Après la Révolution Menjadi Refleksi Perubahan
Di luar referensi sejarah, Yosafat turut membawa pandangannya mengenai kondisi dunia saat ini. Berbagai ketidakpastian membuat perubahan terasa semakin dekat dengan kehidupan sehari-hari.
Situasi tersebut mendorongnya untuk keluar dari pola yang selama ini terasa nyaman. Ia mencoba melihat perubahan sebagai momentum untuk mengeksplorasi kemungkinan baru dalam berkarya.
Kegelisahan terhadap persoalan kemanusiaan juga ikut memengaruhi proses kreatifnya. Karena itu, Après la Révolution memiliki lapisan personal selain narasi mengenai Revolusi Prancis dan perkembangan mode setelah perang.
Koleksi ini pada akhirnya berbicara mengenai kemampuan beradaptasi. Manusia dapat meninggalkan pola lama ketika situasi berubah dan kemudian membangun cara baru untuk menjalani kehidupan.

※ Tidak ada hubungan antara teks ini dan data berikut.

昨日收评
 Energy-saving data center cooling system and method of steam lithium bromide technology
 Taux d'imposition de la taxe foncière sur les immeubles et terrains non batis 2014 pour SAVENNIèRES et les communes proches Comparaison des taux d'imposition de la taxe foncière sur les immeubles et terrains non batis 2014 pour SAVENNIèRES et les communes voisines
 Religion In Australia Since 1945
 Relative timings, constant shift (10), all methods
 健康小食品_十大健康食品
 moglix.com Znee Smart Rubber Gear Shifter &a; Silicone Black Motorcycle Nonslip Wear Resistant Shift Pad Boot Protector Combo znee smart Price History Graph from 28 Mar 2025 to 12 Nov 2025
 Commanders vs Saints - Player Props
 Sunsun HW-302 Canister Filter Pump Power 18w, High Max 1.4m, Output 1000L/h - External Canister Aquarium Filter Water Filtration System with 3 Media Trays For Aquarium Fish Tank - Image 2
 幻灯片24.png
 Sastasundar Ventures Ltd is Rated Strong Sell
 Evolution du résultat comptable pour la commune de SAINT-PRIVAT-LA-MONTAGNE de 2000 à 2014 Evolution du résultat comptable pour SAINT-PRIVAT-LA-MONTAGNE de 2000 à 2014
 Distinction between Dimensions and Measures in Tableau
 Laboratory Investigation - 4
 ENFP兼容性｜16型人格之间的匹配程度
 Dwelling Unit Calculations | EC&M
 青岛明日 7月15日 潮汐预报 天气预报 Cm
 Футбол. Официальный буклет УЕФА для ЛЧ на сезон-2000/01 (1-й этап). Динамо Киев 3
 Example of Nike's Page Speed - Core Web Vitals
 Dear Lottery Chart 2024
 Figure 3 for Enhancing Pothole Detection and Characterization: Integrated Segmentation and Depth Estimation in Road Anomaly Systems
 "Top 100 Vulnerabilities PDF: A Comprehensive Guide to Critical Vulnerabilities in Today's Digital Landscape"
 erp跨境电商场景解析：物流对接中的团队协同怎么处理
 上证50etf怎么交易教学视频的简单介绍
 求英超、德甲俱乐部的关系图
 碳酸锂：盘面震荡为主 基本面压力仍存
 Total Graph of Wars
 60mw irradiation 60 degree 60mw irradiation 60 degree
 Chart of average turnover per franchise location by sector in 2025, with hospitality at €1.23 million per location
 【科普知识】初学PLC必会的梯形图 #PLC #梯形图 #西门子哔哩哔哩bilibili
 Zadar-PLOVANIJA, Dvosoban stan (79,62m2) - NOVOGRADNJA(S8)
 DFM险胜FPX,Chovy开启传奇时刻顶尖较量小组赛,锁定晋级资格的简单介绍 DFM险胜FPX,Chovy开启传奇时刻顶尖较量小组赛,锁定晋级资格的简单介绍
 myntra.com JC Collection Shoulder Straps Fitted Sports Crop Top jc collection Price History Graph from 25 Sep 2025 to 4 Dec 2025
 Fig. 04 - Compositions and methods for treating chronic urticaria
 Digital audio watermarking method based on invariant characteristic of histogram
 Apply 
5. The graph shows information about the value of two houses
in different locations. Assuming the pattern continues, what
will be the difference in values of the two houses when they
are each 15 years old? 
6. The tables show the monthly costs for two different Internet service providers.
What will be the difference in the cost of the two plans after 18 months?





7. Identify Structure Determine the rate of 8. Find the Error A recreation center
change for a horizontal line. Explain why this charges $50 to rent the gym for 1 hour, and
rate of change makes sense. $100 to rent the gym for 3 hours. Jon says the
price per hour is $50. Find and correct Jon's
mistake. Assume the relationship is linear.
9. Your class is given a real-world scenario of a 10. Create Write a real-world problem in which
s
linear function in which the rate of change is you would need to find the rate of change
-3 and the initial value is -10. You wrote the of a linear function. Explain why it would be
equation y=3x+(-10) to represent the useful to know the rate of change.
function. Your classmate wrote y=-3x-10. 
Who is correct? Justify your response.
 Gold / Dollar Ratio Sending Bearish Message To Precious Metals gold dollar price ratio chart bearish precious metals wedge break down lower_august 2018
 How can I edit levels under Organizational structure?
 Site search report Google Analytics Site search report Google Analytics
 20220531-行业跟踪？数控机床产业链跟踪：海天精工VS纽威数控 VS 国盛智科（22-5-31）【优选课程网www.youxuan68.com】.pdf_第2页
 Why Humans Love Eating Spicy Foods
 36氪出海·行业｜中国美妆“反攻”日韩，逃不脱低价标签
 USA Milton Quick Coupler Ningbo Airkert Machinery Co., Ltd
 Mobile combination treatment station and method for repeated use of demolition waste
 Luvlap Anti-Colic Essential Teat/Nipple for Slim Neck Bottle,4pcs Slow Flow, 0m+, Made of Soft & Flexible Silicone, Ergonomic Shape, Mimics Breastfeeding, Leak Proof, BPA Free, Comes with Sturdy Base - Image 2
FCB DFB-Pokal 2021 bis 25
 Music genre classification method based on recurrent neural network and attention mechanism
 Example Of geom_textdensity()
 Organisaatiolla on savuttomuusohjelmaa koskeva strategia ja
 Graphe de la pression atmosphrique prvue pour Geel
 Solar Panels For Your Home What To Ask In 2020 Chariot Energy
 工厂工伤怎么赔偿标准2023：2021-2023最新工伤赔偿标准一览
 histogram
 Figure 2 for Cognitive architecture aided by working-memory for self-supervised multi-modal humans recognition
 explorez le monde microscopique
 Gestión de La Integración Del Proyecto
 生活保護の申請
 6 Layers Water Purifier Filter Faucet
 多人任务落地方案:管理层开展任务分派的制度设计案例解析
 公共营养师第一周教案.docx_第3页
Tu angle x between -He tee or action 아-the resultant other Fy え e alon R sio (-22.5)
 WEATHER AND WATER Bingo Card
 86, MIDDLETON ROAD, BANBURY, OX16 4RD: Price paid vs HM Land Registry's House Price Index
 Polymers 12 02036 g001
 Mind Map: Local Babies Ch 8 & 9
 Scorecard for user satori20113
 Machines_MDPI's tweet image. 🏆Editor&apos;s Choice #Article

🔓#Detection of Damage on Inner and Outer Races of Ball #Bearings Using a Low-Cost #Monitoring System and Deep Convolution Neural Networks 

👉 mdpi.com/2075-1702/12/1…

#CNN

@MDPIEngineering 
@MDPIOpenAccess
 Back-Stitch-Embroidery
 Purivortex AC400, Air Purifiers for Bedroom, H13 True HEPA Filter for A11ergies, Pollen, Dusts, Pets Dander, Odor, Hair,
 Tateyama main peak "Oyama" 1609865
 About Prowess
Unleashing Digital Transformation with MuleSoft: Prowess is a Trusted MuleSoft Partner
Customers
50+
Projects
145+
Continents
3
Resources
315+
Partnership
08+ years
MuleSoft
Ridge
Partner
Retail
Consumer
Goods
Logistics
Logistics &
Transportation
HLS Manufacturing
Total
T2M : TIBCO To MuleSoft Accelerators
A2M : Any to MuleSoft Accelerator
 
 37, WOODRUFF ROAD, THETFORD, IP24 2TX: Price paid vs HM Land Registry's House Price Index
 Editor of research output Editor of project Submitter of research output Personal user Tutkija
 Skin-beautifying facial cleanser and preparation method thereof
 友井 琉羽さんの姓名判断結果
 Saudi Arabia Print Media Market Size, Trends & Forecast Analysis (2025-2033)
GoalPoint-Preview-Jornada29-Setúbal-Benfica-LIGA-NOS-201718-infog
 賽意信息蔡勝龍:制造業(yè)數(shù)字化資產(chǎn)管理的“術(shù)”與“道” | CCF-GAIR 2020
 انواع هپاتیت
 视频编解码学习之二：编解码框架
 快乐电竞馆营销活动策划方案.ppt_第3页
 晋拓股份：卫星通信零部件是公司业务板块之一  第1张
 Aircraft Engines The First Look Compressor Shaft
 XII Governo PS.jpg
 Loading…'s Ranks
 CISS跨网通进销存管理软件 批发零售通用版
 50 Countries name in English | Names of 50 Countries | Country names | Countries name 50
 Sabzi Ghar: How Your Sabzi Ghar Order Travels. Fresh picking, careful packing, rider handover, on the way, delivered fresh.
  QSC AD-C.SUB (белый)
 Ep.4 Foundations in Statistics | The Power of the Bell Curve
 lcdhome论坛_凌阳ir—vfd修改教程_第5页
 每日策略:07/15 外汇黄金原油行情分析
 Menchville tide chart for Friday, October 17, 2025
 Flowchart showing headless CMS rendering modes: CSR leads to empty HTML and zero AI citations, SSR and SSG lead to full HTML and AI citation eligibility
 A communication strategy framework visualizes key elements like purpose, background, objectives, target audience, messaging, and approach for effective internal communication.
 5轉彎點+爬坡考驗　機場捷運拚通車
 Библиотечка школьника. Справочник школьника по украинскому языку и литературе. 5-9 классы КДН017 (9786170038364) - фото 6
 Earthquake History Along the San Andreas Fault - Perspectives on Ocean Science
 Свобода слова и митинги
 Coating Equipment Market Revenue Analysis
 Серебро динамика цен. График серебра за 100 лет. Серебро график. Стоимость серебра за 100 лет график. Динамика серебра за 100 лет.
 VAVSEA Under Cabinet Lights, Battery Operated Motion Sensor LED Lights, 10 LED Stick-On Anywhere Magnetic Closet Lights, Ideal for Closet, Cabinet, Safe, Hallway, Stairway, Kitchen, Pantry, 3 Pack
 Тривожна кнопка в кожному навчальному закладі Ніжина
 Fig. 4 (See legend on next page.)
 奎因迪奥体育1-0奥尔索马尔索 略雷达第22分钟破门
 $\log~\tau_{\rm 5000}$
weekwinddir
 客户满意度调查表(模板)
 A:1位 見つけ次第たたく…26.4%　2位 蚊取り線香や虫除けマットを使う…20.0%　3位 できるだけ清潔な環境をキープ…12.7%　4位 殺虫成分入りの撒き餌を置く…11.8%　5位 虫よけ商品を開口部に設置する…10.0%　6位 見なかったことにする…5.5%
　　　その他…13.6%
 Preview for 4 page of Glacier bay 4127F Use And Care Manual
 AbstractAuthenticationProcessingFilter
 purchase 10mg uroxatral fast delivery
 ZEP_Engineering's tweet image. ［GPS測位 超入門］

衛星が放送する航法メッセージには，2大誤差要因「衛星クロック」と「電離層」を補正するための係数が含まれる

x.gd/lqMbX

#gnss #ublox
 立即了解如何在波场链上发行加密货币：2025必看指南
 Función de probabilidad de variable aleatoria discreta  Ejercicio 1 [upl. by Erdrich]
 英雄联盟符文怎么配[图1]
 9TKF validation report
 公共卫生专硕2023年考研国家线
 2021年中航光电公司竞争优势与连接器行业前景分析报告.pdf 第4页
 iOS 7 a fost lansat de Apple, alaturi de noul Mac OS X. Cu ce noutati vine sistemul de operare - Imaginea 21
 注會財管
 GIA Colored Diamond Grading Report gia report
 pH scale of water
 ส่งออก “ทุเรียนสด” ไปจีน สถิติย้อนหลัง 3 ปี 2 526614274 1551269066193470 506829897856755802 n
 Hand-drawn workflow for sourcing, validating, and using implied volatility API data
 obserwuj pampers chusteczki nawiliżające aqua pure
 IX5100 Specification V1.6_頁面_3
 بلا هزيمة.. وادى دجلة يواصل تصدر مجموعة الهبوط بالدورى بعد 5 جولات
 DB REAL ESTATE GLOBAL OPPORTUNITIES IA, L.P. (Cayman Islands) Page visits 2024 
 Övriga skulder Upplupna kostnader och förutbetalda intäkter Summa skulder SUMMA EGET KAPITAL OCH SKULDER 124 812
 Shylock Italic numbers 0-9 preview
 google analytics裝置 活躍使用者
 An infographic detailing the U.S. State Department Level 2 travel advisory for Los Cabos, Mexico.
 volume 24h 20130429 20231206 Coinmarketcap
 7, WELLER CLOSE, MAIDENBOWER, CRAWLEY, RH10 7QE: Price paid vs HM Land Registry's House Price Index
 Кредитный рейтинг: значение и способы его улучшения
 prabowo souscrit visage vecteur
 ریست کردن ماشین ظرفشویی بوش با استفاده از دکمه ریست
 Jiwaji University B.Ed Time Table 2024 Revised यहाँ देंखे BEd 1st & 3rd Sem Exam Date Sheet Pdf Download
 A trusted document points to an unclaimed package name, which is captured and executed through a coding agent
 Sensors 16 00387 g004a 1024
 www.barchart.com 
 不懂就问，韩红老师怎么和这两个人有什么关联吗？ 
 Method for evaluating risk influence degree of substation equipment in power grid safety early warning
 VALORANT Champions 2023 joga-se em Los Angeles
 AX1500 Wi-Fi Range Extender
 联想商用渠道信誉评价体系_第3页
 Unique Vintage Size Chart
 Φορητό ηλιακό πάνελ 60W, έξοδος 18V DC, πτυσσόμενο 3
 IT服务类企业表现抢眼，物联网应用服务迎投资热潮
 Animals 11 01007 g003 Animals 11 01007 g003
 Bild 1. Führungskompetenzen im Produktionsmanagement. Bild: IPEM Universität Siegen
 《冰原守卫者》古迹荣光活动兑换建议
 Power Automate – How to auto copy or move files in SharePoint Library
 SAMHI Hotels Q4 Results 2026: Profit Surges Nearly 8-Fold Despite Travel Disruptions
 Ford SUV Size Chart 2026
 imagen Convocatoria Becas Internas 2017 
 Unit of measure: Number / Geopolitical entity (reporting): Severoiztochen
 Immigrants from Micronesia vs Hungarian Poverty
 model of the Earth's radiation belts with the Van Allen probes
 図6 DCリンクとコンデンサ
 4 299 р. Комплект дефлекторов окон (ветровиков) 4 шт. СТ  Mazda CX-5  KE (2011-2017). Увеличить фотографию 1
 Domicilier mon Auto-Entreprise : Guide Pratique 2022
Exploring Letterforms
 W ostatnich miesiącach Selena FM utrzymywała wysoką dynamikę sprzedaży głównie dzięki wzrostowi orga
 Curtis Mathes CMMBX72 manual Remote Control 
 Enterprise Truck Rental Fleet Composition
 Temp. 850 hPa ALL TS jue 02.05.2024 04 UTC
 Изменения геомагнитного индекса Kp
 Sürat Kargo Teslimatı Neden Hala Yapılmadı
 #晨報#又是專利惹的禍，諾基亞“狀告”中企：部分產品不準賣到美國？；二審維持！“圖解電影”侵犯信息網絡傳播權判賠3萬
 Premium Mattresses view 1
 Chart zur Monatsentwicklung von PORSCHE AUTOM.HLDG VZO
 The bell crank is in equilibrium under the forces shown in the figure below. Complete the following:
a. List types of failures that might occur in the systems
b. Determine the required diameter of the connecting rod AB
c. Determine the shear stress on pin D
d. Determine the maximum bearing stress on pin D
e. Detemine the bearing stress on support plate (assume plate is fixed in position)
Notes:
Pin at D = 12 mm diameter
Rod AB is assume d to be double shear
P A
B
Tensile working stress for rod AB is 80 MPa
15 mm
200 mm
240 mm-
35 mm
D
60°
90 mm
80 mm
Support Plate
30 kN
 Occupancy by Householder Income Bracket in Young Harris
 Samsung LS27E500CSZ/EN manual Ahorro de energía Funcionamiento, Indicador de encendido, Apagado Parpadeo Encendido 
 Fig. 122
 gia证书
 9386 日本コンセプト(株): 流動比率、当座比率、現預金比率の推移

Prinsip serupa muncul dalam perjalanan kreatif Yosafat Dwi Kurniawan. Melalui Après la Révolution, ia mengembangkan karakter desain yang lebih cair, mengeksplorasi teknik berbeda, serta memberikan ruang lebih luas bagi material untuk bergerak.
Perubahan tersebut memperlihatkan bahwa mode dapat menjadi catatan perjalanan suatu zaman. Ketika masyarakat bergerak menuju kondisi baru, pakaian pun dapat ikut berubah untuk menggambarkan kebutuhan, kebebasan, dan semangat generasi yang menjalaninya.